Anthony WeinerI recently blogged about Milwaukie Brewers outfielder Ryan Braun, and his 65-game suspension from professional baseball. I was unimpressed by Braun’s flimsy written statement, which fell well short of contrition.

The most disingenuous and manipulative part of the statement was the first line: “As I have acknowledged in the past, I am not perfect.”  Braun had not, in fact, ever made such a public acknowledgement, but what galled me more was the implication that if fans, teammates or the media were disillusioned by his behavior, they had no one to blame but themselves.  After all, he’d warned them that he was flawed, hadn’t he?

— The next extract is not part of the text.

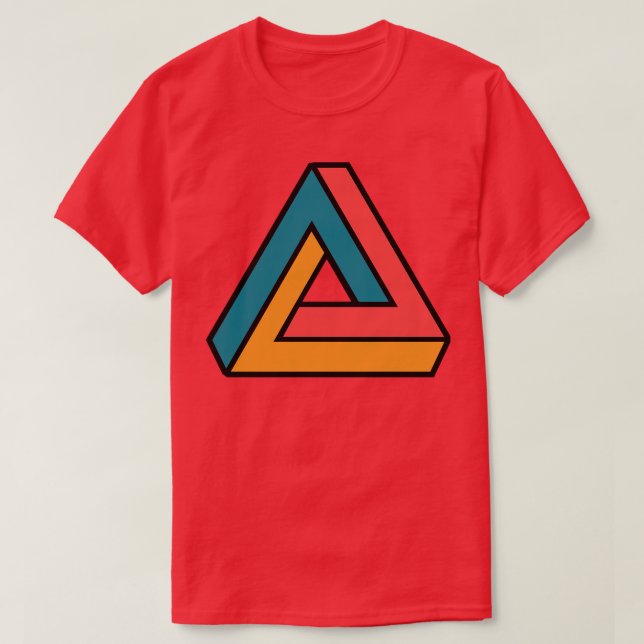 Colorful Penrose Triangle T-Shirt (Design Front)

I was reminded of this self-serving position last week, when Anthony Weiner grudgingly acknowledged his most recent sexting scandal.  “As I have said in the past, these things that I did were wrong and hurtful to my wife, and caused us to go through challenges in our marriage that extended past my resignation from Congress.”

Such a careful parsing of words! What was it that extended beyond his resignation – the marital troubles, or “things” like posting lewd photos online?  Regardless, the inference was similar to Braun’s.  We can’t blame him since he warned us back in 2011 that more embarrassing facts could emerge.  (Did he? Am I the only one drawing a blank here?)

Well, now that that’s cleared up… we can all move on. Right? Please?

Anthony Weiner is like a child who makes up his own rules, just as he’s about to be tagged “it” on the playground.  “No WAY!  No fair, I’m SAFE!  I CALLED TIME OUT!”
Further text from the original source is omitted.